Kromanti is perhaps the most laden term in African Diaspora history in a Jamaican or Anglophone context and, as I've written elsewhere (my Slavery and Abolition article from 2014), I think that parsing Kromanti -- or really any of these terms -- as primarily geographic misses so much of what they connoted.
Before 1688, according to the Trans-Atlantic Slave Trade Database, only 7% of the Africans arriving in Jamaica came from the Gold Coast, and most of these between 1676-1680. So there's no real demographic reason for this centrality of Kromanti identity, if we assume Kromanti is a gloss for people of Gold Coast origins.
Even for those who were placed in chains on slave ships from ports in the Gold Coast, there is no reason to believe that most were Akan speakers, and in fact Apter's work would convey how deeply those on the coast associated enslavement with people from the north, who certainly did not speak Akan, even to the extent that Akan was a meaningful linguistic category in the seventeenth century.
More importantly, however, why "Kromanti"? Kromanti is a tiny fishing village. I argue that it gained a particular kind of salience after 1717, when the Asantehene (the king of Asante) was betrayed and murdered there, and his body could not be recovered popularly memorialized. In the wake of this, the people of Asante developed an oath, Memenada Akromanti, and that oath was used by maroons and revolutionaries in seventeenth-, eighteenth-, and even nineteenth-century Jamaica of diverse origins, from Madagascar to Kongo to Biafra.
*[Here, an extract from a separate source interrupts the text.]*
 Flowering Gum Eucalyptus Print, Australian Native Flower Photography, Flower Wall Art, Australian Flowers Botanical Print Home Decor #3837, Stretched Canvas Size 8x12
This, of course, is early for that, and so begs the question: why Kromanti?
Was Kromanti important earlier, as Agorsah's archeological work suggests, because of iron working? Could that reputation have resonated with ideologies about blacksmithing and political legitimacy from the Kongo?
The plurality of musical forms here, however, if nothing else, should push us beyond thinking of Kromanti as a simple or straightforward gloss for a region cum ethnicity cum linguistic group, and try to think, again, of what these terms meant for those using them in the seventeenth century.